Task to complete: Only the lines below, from the one with "5 bedroom terraced house for rent" through the one with "日没後、ガラスに映る光も、なんだか温かな眺め。（写真提供：Camp Design inc.", are to be written out, exactly.

Recorded information:
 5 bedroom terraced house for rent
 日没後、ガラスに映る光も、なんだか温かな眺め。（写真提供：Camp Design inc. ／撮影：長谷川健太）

==

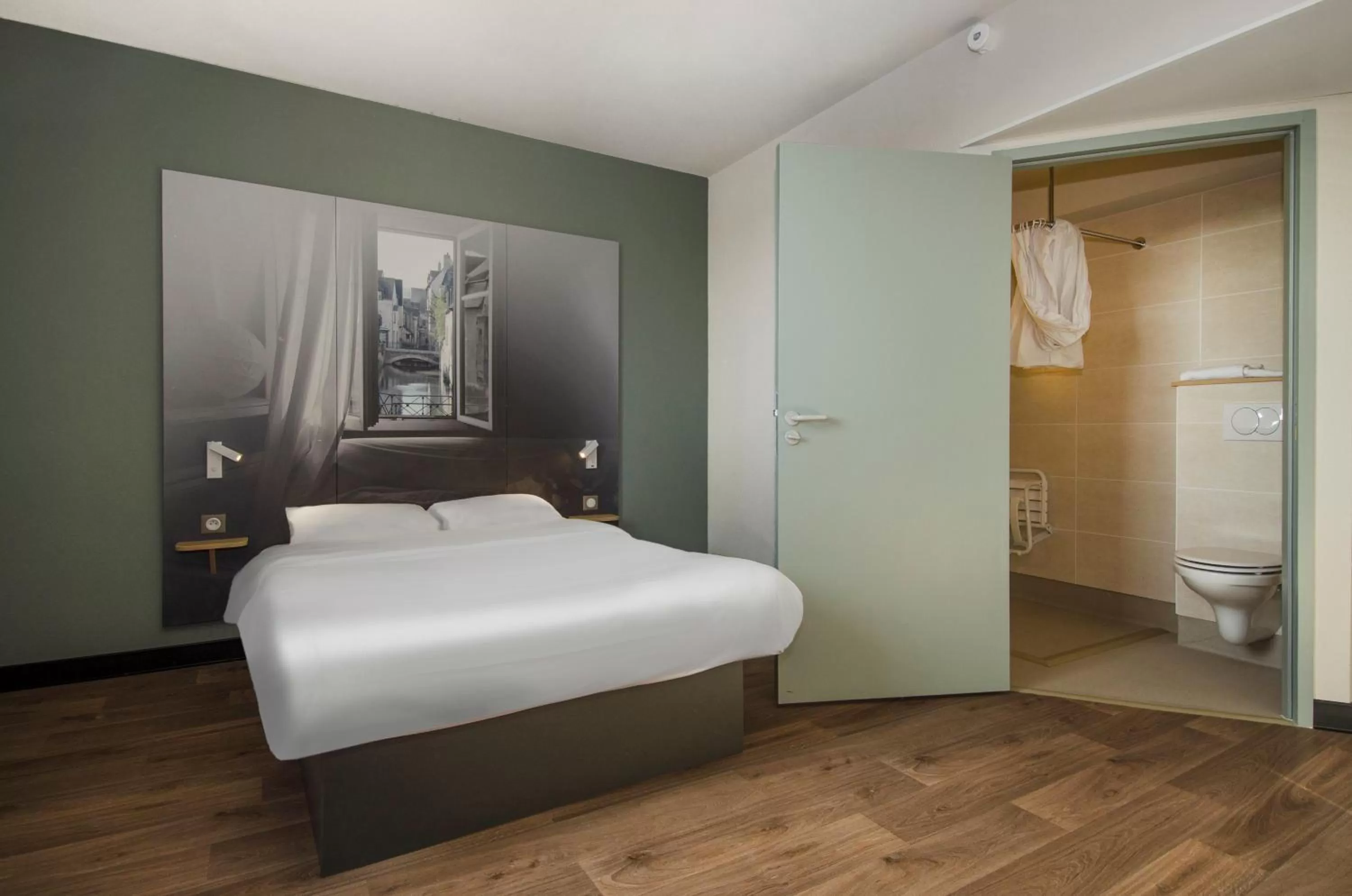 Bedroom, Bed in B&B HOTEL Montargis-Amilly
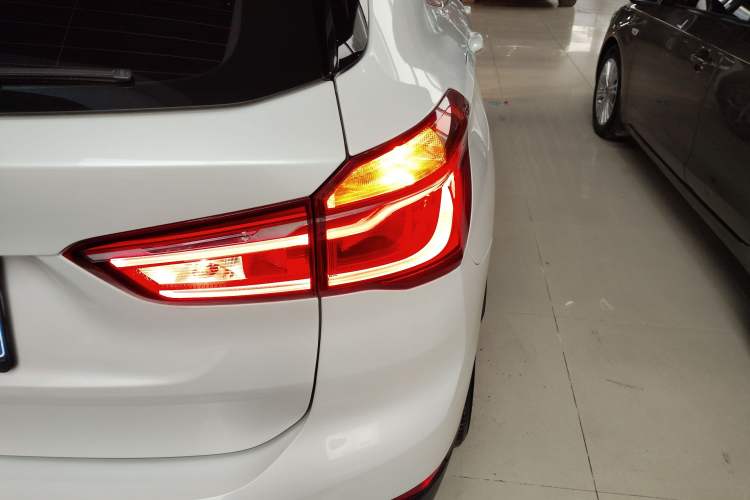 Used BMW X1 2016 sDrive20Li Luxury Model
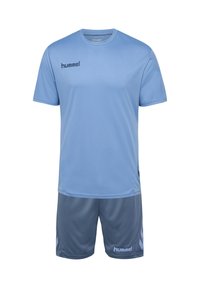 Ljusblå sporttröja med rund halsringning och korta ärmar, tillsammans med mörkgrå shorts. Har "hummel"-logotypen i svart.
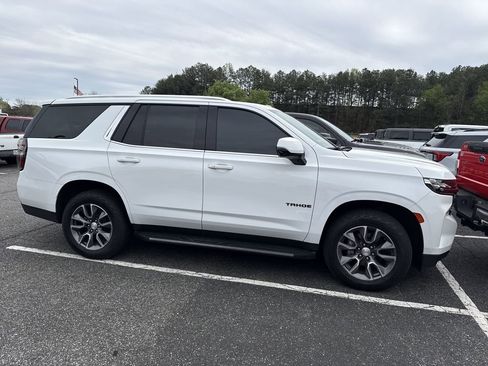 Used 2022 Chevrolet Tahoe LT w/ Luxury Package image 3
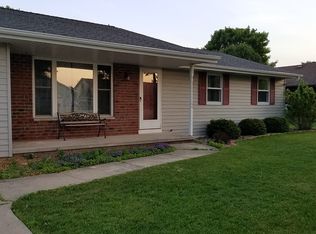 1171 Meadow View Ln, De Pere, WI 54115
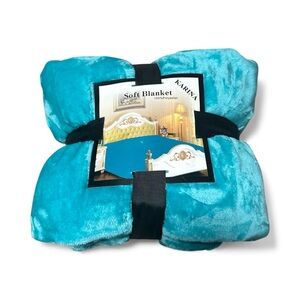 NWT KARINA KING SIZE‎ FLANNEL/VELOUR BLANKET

Answer section:
 5 bedroom terraced house for rent
 日没後、ガラスに映る光も、なんだか温かな眺め。（写真提供：Camp Design inc. ／撮影：長谷川健太）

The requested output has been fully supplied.